DETAILED DESCRIPTION

In the following embodiments of the invention will be described. First of all, however, some terms will be defined and reference symbols are introduced.

m Number of time-domain signal samples forming a block to be transformed into the frequency domain
n(t) Time domain signal of Noise microphone (time discrete, digital signal)
v(t) Time domain signal of Voice microphone
w(t) Time domain voice signal after first step of noise reduction
u(t) Time domain voice signal after second step of noise reduction
W(f) Frequency domain signal of first-step noise-reduced voice signal (complex valued spectral amplitude)
U(f) Frequency domain signal of second-step noise-reduced voice signal
V(f) Frequency domain signal of Voice microphone signal
N(f) Frequency domain signal of Noise microphone signal
N*(f) conjugate complex of N(f)
|N(f)|²=N(f) N*(f), absolute square of N(f)
X Computational result of exponential smoothing of variable X: X _NEW=β X _OLD+(1−β)X under certain threshold conditions
β Decay parameter of exponential smoothing, 0<β<1
H(f) Complex-valued Noise Amplitude Transfer Function
h(t) Noise Response Function calculated by means of Inverse Fourier Transformation of H(f)
p(t) Pseudo-Noise signal, assumption of noise portion in Voice microphone
G(f) Real-valued Energy Transfer Function of second step of noise reduction
θ_NThreshold parameters
α Tunable noise reduction level parameter >0
C Tunable limitation of noise reduction parameter >0
A(f) Attenuation filter coefficients of second step of noise reduction
k Coefficient (exponent) in the calculation of A(f)

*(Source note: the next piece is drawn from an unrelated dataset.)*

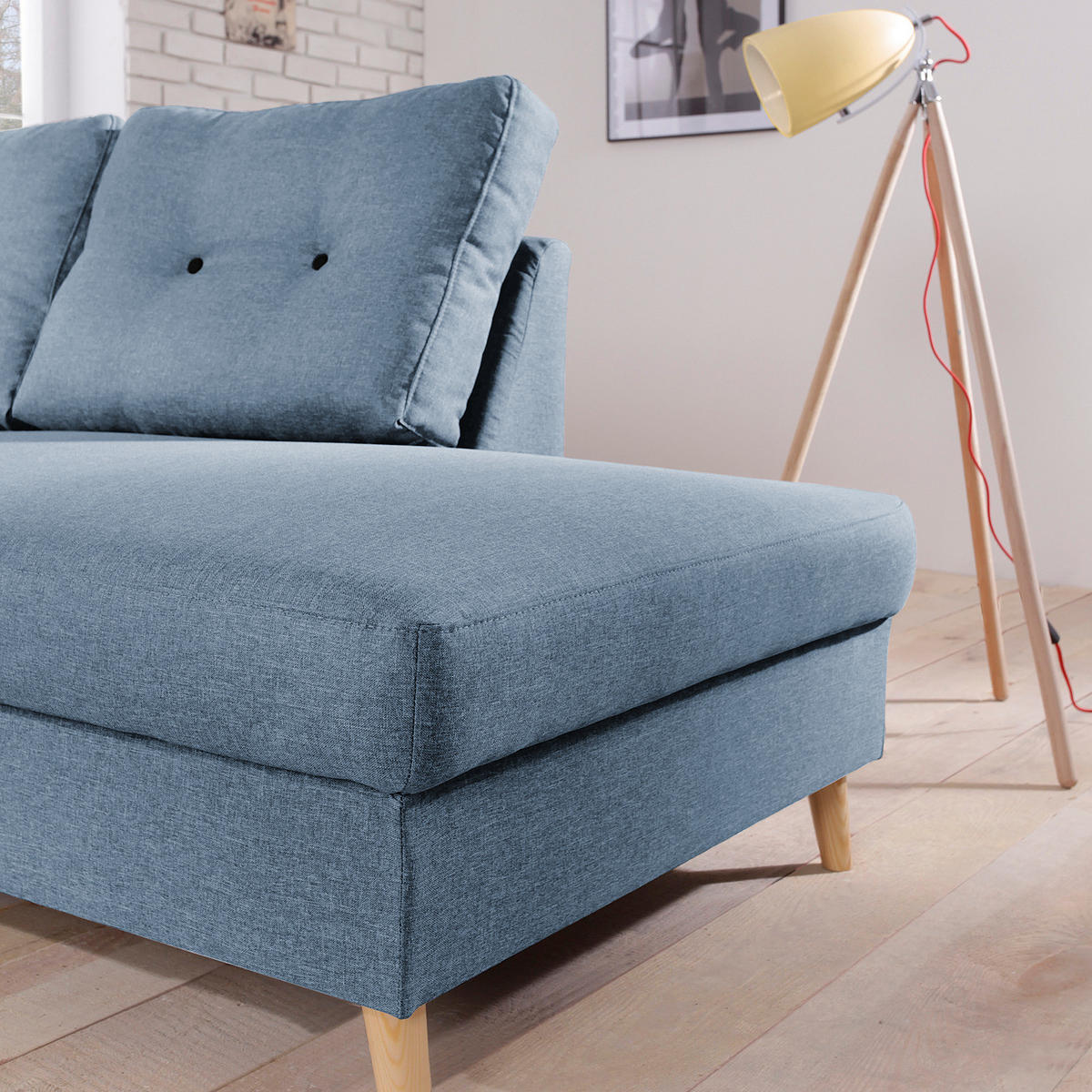 ECKSOFA mit Ottomane - Webstoff - Hellbraun/Grau, Holz/Textil (230/200cm) - home24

O(f) Complex valued Voice Amplitude Transfer Function
o(t) Voice Amplitude Response Function
μ(t) Pseudo voice signal, assumption of voice portion in Noise microphone
η(t) Voice-reduced Noise microphone time domain signal.

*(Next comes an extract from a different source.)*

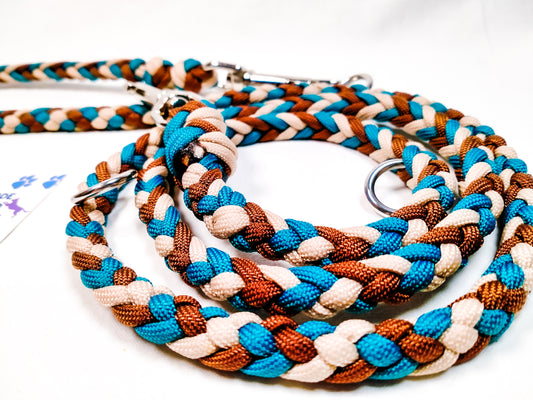 Pre Made: adjustable 6 Strand Half Round Braid Lead, Teal, Chocolate Brown, Tan, 1.25m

FIG. 1 illustrates a side view of a telephone handset 10 (in the following also just handset) according to an embodiment with the front side left and the back side right and a first microphone 20 and a second microphone 30. The microphones are arranged such that the first microphone 20, also referred to as Voice microphone, is adapted to receive sound comprising the voice of the user wherein the second microphone 30, also referred to as Noise microphone, is adapted to receive sound comprising ambient noise. For example, such an arrangement is achieved by positioning the voice microphone such in the handset that it is close to the user's mouth (not shown) when the handset is in normal operation. The noise microphone is preferably positioned at an opposite end or far side of the handset receiving as little (direct) voice of the user as possible. In an embodiment the voice microphone is positioned at the lower front side of the handset and the noise microphone at its upper back side. As in normal use of such a handset the user would then place the handset when making a call such that the front side is positioned towards the user with the user's mouth relatively close or at least in proximity to the voice microphone and the noise microphone directed away from the user. The transition of the sound of user's voice in normal use is highly schematically and simplified shown by arrow 40 and the “Voice” lines illustrating the sound waves of the voice. The transition of the ambient noise at the back side of the handset is highly schematically and simplified shown by arrow 50 and the “Noise” lines illustrating the sound waves of the noise at the back side. According to another embodiment, the principles of the present invention can also be implemented in an apparatus comprising, e.g., a hands-free phone set or the like by using directional pattern characteristics of the first and second microphones so that even if the voice microphone is not positioned closed or at least in proximity to the user's mouth methods according to embodiments can be applied as it will be described in more detail below.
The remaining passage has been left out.